13. Era uma grande mística que, aliada a seu espírito de luta, fez dela uma grande mulher, soube unir ação e oração.

IHU On-Line – Como vê a continuidade do trabalho de Dorothy em prol dos trabalhadores e do meio ambiente?
Margarida Pantoja – A Comissão Pastoral da Terra (CPT) de Anapu, as Irmãs de Notre Dame de Namur (congregação da qual Dorothy participava), os trabalhadores e trabalhadoras dos PDS, e tantas pessoas que continuam acreditando neste sonho dorothyano traçam um novo perfil.  Agora não só há uma Dorothy, mas agora “todos somos Dorothy”.  Portanto, a continuidade deste trabalho é fundamental para que se garanta de fato a vida saudável no planeta e a dignidade para as gerações futuras, não só humanas mas de todos os seres vivos.  Anapu precisa de nossa solidariedade, de nosso apoio, de nossa assinatura nas horas de colher assinaturas para cobrar direitos.

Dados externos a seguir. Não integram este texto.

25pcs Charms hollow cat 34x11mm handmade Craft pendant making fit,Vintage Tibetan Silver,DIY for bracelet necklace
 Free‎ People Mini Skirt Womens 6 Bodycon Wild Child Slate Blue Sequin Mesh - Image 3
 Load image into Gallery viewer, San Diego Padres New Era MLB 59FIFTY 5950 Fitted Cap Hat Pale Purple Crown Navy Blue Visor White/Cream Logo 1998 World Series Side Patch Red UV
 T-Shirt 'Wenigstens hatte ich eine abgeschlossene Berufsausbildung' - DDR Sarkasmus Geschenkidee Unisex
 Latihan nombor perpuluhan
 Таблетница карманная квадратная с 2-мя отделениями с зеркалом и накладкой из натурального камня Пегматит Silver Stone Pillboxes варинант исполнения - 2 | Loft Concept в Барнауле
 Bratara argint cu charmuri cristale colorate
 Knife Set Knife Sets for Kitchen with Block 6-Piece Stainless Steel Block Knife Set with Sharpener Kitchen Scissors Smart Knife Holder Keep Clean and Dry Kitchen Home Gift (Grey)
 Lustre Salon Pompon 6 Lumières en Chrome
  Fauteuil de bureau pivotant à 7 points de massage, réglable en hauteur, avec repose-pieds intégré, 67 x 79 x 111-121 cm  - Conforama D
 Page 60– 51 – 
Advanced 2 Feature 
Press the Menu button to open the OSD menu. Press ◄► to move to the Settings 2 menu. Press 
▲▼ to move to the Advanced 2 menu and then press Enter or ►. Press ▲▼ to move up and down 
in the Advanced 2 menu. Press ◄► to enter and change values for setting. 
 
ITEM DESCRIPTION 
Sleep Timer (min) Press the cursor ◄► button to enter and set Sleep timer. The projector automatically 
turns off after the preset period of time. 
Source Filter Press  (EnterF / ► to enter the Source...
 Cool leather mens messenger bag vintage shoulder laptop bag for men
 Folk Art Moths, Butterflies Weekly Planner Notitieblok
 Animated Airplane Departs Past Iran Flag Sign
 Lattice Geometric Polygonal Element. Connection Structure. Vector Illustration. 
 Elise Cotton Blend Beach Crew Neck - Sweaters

Enfim, Dorothy “trabalhou em movimentos sociais no Pará com projetos de desenvolvimento sustentável, ultrapassando as fronteiras do município de Anapu, ganhando reconhecimento nacional e internacional”.  A continuidade desta missão está acontecendo de forma muito mais ágil, porque a causa ganhou centenas de milhares de adeptos no mundo inteiro.  Por isso, Dorothy vive sempre, sempre, sempre.